▶ [Information]
========================================

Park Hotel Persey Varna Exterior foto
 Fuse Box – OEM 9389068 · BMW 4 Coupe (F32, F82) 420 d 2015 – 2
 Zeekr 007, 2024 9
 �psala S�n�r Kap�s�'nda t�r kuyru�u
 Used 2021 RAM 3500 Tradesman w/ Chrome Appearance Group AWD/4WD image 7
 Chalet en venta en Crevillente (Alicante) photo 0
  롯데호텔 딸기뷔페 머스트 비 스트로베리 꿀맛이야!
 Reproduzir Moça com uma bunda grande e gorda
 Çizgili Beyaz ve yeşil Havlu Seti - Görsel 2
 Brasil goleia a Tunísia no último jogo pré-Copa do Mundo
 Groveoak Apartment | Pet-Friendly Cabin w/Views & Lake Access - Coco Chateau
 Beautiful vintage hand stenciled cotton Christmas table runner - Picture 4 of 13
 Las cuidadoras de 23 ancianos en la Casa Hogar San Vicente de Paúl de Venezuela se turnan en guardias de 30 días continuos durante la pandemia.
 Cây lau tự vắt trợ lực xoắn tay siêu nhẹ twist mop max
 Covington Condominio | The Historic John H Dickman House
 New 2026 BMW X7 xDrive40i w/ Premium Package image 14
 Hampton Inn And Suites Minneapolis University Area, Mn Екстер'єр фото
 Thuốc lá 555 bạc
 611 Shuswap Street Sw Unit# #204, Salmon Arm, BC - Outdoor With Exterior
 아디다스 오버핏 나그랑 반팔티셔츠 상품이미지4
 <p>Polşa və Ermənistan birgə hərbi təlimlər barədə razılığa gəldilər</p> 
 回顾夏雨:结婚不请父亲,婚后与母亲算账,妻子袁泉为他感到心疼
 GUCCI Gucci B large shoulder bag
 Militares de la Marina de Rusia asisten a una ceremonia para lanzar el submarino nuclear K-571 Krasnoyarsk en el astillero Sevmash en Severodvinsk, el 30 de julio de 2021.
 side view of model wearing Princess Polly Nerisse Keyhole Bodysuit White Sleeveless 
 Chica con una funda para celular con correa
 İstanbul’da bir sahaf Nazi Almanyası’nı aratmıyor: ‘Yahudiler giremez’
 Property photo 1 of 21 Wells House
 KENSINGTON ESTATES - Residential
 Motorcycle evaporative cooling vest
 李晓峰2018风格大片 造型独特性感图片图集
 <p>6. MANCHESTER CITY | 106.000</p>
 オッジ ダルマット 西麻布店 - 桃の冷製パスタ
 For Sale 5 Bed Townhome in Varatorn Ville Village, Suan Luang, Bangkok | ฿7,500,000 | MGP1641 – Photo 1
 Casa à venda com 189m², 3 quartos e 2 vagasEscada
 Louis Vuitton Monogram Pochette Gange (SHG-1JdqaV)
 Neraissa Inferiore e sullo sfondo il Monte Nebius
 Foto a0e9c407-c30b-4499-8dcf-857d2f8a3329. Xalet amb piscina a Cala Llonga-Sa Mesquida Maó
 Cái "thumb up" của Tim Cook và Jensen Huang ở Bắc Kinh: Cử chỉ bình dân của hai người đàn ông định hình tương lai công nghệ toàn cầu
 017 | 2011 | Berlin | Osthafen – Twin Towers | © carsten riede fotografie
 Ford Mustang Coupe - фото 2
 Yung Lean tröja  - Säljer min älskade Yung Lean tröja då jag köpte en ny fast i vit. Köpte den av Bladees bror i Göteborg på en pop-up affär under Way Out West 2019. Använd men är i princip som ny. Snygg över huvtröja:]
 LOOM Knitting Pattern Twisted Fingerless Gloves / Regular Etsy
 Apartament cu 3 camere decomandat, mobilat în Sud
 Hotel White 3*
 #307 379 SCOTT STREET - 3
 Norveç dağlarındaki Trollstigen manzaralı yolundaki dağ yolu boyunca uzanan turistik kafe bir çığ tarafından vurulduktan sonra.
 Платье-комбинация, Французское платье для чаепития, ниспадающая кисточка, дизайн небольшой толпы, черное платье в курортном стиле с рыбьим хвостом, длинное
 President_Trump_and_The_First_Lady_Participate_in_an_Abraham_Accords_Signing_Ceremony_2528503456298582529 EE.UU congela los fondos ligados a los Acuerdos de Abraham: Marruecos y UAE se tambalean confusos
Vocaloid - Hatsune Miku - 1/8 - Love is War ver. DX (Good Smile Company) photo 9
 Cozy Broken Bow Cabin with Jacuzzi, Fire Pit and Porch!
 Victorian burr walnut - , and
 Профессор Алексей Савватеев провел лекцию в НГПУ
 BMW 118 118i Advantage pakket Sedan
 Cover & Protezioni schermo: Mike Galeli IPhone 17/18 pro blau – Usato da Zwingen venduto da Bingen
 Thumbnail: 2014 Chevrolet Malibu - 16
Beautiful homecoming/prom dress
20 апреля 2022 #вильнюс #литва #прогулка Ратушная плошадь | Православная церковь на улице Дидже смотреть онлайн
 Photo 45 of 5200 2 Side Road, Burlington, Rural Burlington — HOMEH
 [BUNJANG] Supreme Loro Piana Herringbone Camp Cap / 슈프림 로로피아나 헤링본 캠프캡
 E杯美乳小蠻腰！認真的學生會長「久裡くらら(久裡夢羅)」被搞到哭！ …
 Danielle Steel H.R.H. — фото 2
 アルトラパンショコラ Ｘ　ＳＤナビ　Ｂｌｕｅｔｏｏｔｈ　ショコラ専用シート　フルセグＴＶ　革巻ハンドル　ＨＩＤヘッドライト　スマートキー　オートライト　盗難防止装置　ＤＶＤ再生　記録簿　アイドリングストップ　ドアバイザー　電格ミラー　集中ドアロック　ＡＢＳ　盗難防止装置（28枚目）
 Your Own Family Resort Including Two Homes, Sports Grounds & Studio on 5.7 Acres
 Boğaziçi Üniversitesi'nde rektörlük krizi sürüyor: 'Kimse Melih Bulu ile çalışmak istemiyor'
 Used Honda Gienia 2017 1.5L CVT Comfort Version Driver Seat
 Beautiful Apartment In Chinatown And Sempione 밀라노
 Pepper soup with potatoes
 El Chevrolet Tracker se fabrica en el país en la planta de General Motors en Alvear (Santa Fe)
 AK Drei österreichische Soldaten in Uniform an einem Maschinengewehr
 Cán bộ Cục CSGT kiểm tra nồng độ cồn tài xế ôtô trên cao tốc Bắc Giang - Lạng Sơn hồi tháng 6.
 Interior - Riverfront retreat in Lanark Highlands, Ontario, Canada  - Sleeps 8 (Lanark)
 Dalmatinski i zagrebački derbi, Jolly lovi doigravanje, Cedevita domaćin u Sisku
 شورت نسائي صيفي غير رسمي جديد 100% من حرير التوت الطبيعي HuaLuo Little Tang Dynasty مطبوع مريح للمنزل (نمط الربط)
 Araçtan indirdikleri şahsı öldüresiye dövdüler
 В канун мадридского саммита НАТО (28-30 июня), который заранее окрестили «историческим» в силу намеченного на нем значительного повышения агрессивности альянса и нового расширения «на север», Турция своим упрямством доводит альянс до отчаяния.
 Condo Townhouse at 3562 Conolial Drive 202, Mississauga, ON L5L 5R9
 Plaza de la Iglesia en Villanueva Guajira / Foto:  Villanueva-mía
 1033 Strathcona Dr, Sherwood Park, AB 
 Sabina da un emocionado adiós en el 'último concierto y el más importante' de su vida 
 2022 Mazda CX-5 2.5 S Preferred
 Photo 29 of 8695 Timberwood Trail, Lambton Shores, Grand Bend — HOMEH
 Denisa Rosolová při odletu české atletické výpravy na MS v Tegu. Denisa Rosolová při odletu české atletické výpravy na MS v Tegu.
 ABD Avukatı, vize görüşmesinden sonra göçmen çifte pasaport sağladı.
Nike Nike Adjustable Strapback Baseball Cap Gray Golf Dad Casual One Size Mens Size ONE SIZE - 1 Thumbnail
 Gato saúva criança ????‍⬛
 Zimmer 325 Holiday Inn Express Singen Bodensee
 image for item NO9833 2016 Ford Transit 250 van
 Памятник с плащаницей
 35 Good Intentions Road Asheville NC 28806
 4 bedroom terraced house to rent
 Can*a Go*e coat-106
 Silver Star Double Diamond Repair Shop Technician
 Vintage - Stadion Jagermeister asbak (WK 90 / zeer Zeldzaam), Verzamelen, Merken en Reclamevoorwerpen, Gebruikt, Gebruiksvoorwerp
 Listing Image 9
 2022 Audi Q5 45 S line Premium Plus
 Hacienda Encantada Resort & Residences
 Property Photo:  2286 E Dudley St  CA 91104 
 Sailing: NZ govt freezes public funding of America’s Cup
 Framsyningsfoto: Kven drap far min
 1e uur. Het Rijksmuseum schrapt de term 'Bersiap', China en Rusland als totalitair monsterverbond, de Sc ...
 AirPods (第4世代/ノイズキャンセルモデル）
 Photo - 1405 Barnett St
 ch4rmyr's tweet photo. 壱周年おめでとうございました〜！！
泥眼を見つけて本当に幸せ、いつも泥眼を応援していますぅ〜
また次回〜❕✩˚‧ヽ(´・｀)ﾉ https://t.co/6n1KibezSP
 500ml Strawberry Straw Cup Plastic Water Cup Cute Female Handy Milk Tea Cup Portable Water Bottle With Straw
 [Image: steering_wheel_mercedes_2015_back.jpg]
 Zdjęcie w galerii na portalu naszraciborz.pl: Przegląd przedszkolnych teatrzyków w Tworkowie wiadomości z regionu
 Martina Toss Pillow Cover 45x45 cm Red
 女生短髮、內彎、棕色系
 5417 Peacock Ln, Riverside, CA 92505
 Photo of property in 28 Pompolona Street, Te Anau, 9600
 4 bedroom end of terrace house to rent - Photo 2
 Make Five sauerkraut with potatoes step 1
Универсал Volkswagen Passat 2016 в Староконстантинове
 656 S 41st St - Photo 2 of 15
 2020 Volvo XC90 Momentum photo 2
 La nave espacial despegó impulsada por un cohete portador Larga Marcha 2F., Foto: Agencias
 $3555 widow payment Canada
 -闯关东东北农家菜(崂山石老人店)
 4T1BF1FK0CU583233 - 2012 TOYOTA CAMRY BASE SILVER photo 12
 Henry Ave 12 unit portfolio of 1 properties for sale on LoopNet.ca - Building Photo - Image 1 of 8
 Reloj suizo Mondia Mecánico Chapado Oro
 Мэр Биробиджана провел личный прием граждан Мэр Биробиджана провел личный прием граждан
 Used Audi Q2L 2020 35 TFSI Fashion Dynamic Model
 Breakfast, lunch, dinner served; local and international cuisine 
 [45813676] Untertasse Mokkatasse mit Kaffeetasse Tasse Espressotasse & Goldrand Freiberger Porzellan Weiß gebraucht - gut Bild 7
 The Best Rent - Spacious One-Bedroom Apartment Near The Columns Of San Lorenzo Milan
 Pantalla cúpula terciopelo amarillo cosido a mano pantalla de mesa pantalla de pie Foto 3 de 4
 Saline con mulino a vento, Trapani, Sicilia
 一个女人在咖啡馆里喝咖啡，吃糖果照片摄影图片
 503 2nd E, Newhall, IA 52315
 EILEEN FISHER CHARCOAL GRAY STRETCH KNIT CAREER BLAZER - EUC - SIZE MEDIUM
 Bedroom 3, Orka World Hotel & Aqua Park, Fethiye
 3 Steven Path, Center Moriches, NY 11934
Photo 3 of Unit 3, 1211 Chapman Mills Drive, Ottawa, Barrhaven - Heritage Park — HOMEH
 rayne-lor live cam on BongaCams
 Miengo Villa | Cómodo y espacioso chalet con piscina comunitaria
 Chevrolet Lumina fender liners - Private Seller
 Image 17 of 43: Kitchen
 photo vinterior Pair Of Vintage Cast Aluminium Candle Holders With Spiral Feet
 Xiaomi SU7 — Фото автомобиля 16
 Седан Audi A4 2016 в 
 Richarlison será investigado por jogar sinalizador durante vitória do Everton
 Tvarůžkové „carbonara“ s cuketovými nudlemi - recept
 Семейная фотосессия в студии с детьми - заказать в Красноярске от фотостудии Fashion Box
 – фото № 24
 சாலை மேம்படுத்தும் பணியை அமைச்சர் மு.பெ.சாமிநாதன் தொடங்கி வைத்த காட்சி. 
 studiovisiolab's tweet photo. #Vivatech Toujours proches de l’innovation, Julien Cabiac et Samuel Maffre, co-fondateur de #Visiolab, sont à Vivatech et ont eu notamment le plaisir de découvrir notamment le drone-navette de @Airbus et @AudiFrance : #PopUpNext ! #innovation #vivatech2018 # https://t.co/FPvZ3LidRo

========================================

▶ [Work task] When the word "HOMEH" shows up in a line of the entries, pull that line out.

▶ [Written solution]
 Photo 45 of 5200 2 Side Road, Burlington, Rural Burlington — HOMEH
 Photo 29 of 8695 Timberwood Trail, Lambton Shores, Grand Bend — HOMEH
Photo 3 of Unit 3, 1211 Chapman Mills Drive, Ottawa, Barrhaven - Heritage Park — HOMEH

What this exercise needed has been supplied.